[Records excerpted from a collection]
##########
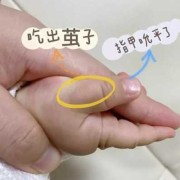 19个月宝宝习惯吃手指，要怎样纠正啊，经常把手指给吮破了,吃胎儿事件是真的吗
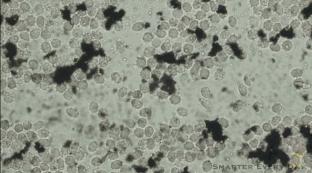 纹身油墨对人体的危害,纹身墨水涂在身上有什么危害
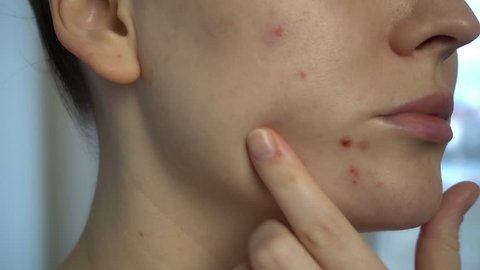 Close up of skin problems (unhealthy skin with acne and pimples).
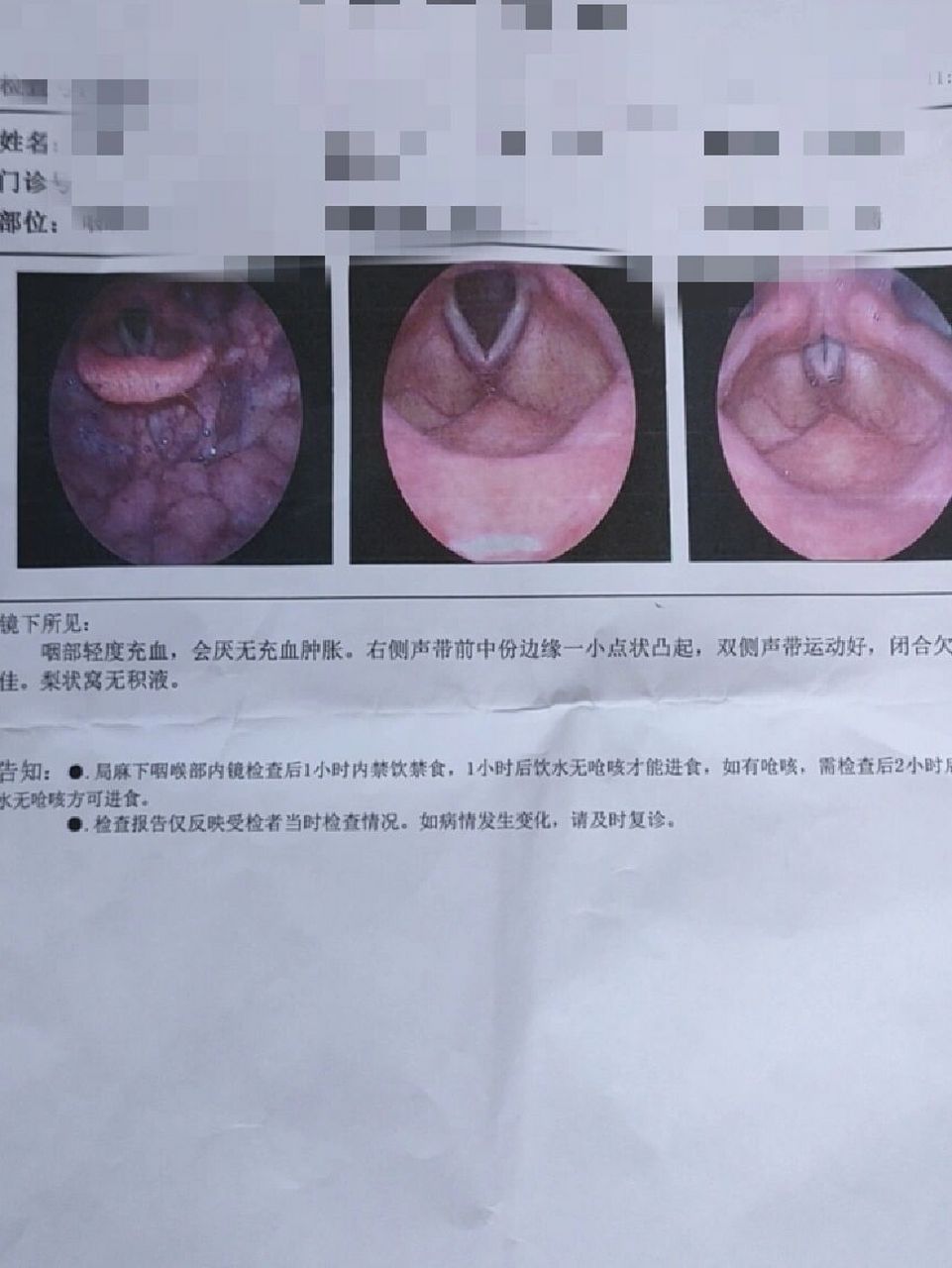 会厌炎喉镜图片图片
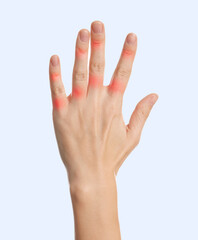 Obraz premium Woman with joint inflammation on white background, closeup. Red areas on fingers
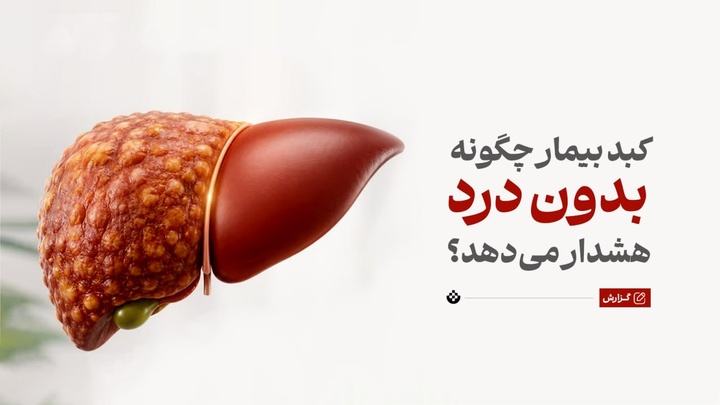 کبد بیمار چگونه بدون درد هشدار می‌دهد؟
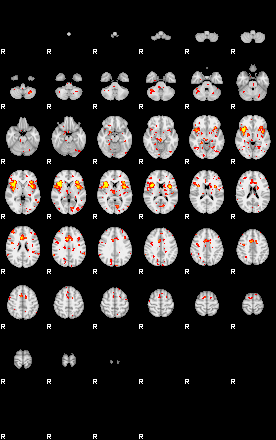 Patient:31;component:151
##########
The expected answer is an exact copy of the lines from the one containing "Obraz premium Woman" through the last line of the entries above, both included, without pictures.

▶ [Solution]:
 Obraz premium Woman with joint inflammation on white background, closeup. Red areas on fingers
 کبد بیمار چگونه بدون درد هشدار می‌دهد؟
 Patient:31;component:151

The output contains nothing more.